Assigned task
When you transcribe the entries below, begin at their first line and stop after the line containing "90'S Fruit of"; pictures stay out.

Dataset items
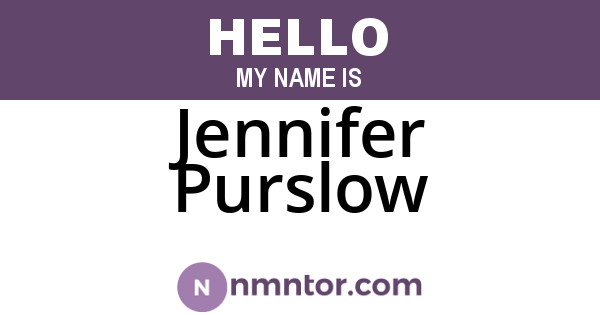 Jennifer Purslow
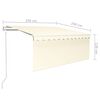 vidaXL Toldo retr&aacute;ctil autom&aacute;tico con persiana crema 3,5x2,5m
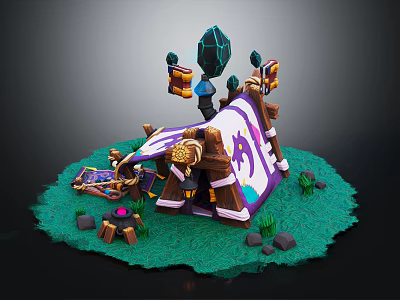 Colorful Decorative Tent With Blue Crystal Top Green Grass And Small Stone Decorations 3d model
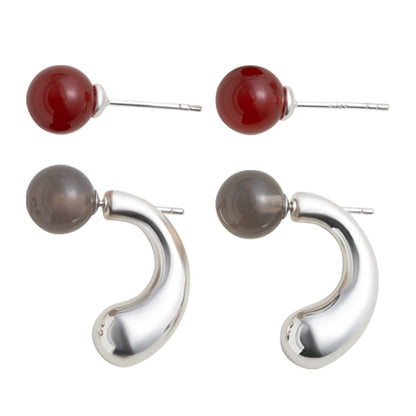 S925 Red Agate Two-Color Water Drop Earrings B4378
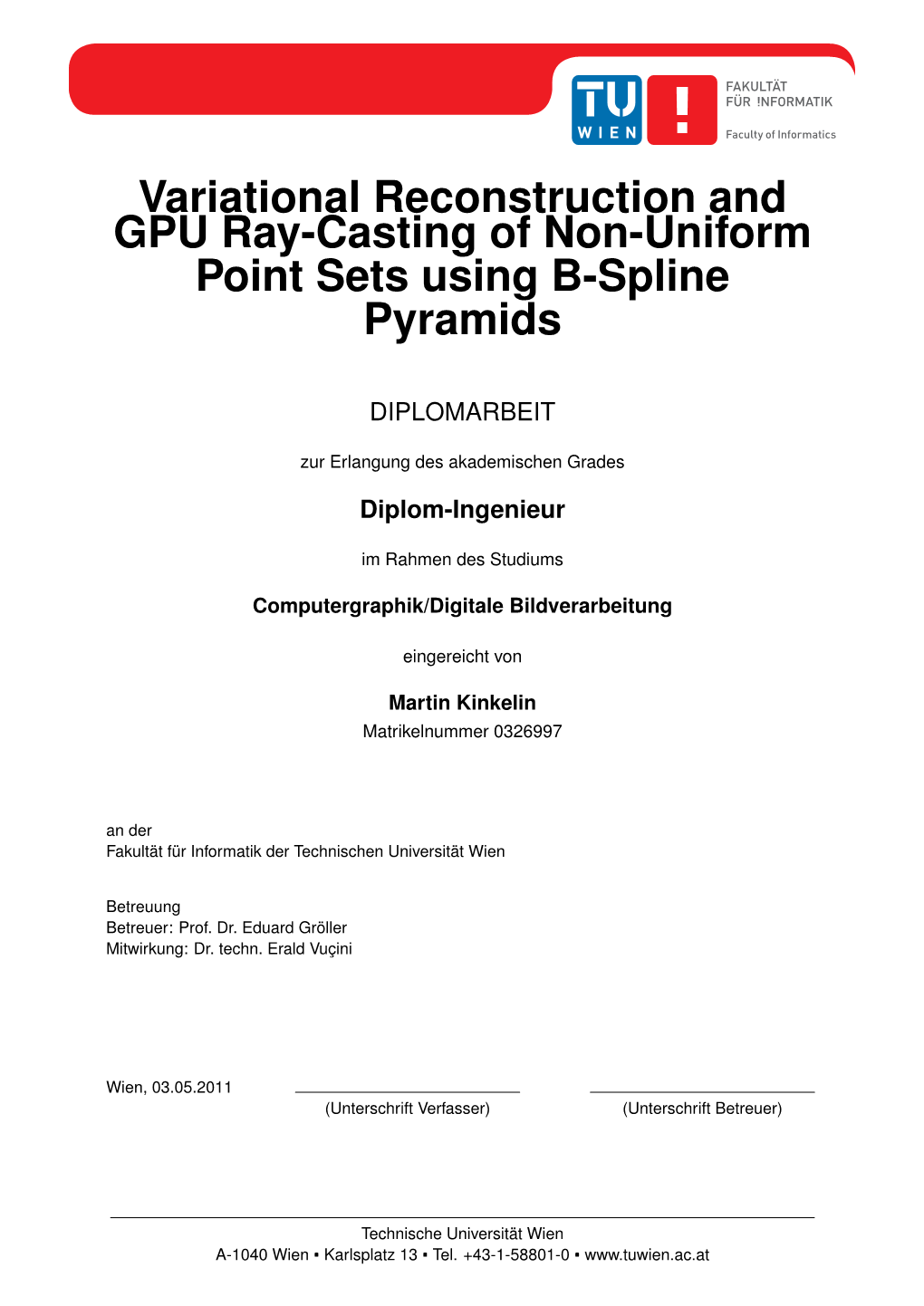 Variational Reconstruction and GPU Ray-Casting of Non-Uniform Point Sets Using B-Spline Pyramids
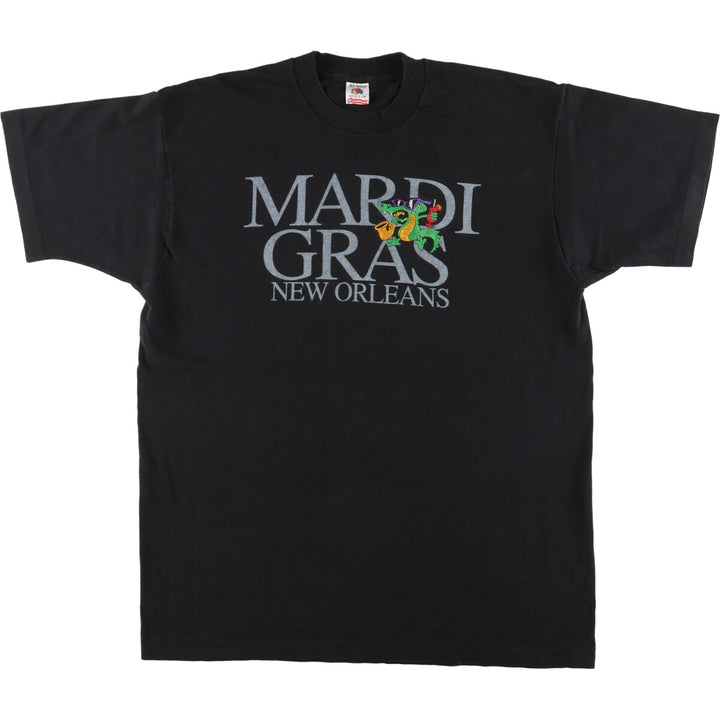 90'S Fruit of the Loom New Orleans Mardi Gras Print T-shirt Made in USA Men's XL /eaa448521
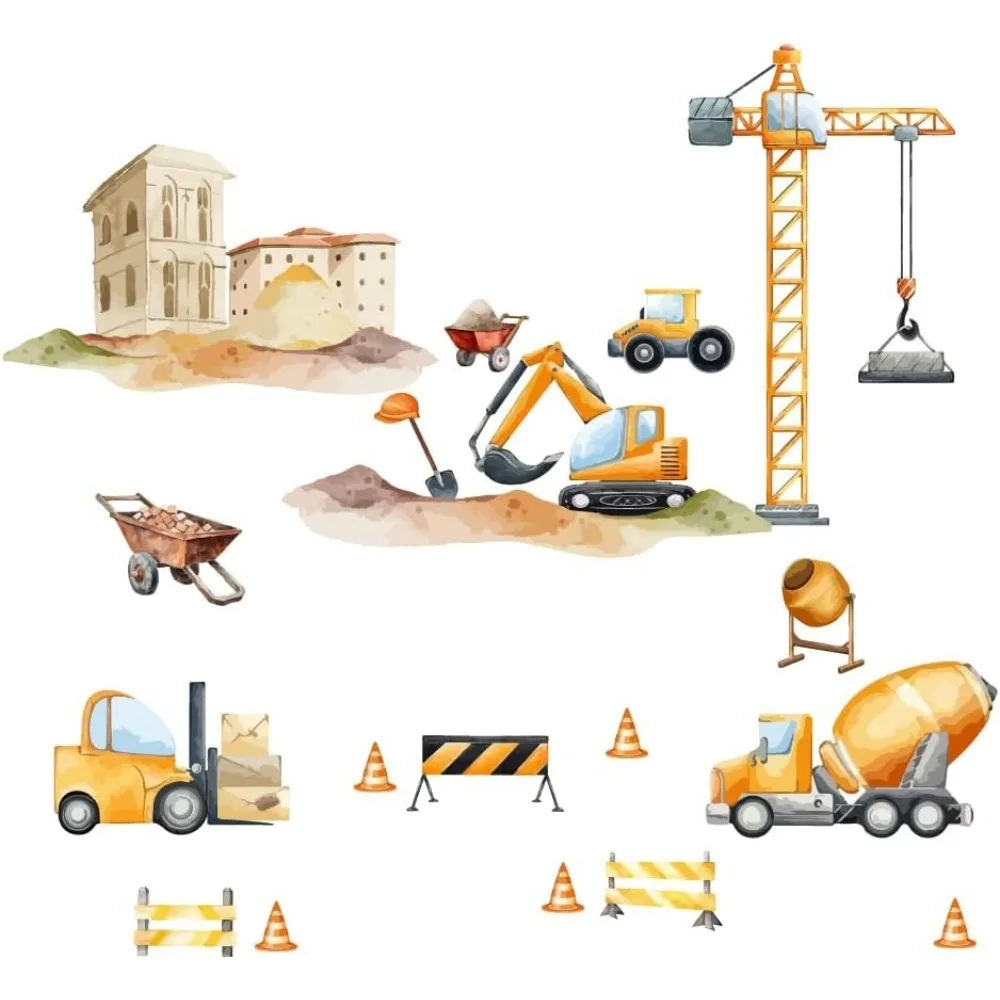 Construction Wall Stickers Vehicles Wall Decals Tractor Excavator Crane DIY Vinyl Decor Stickers Watercolour Wall Art Decals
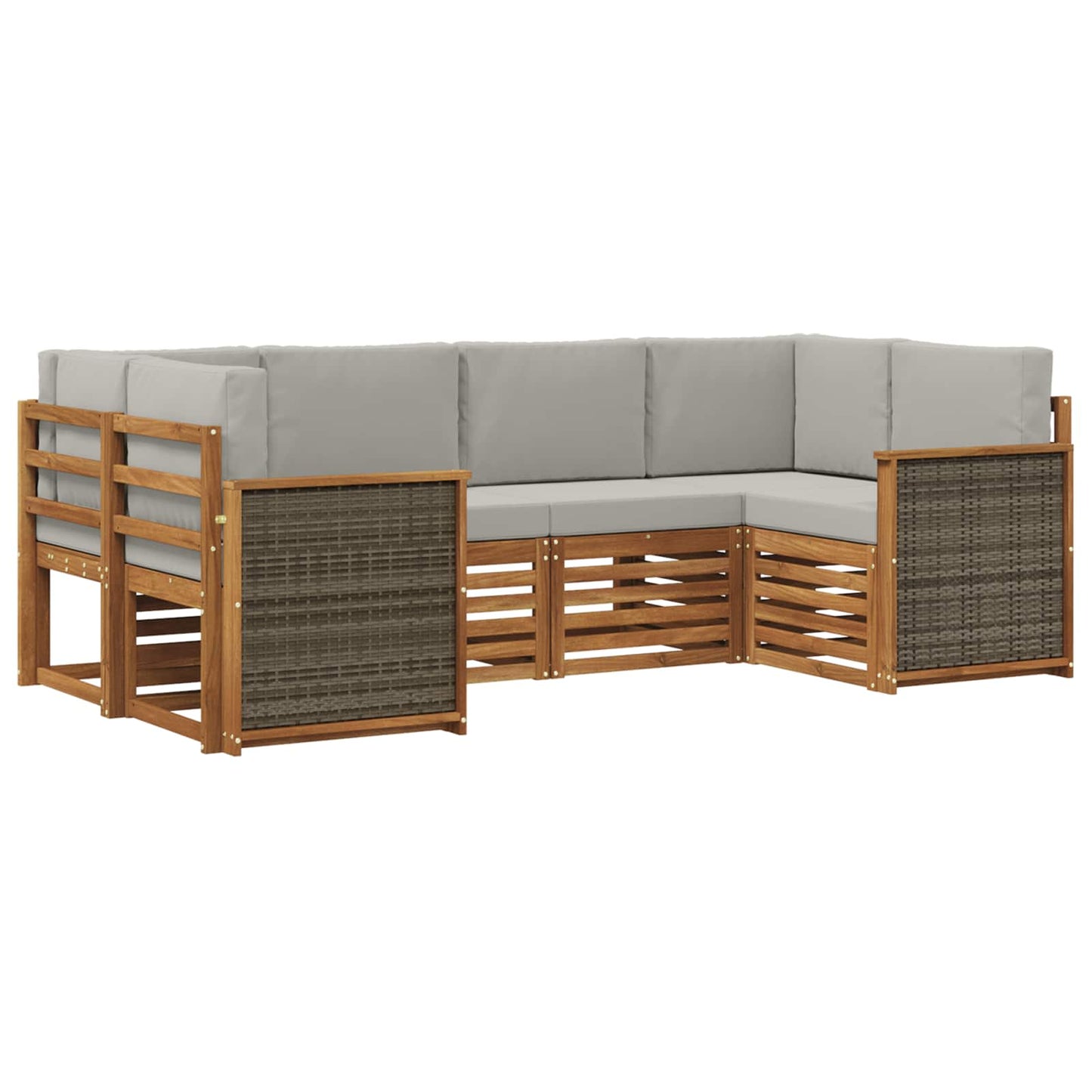 Set divano sezionale con cuscino 5 pcs Naturale e Grigio Chiaro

Exercise answer
 Jennifer Purslow
 vidaXL Toldo retr&aacute;ctil autom&aacute;tico con persiana crema 3,5x2,5m
 Colorful Decorative Tent With Blue Crystal Top Green Grass And Small Stone Decorations 3d model
 S925 Red Agate Two-Color Water Drop Earrings B4378
 Variational Reconstruction and GPU Ray-Casting of Non-Uniform Point Sets Using B-Spline Pyramids
 90'S Fruit of the Loom New Orleans Mardi Gras Print T-shirt Made in USA Men's XL /eaa448521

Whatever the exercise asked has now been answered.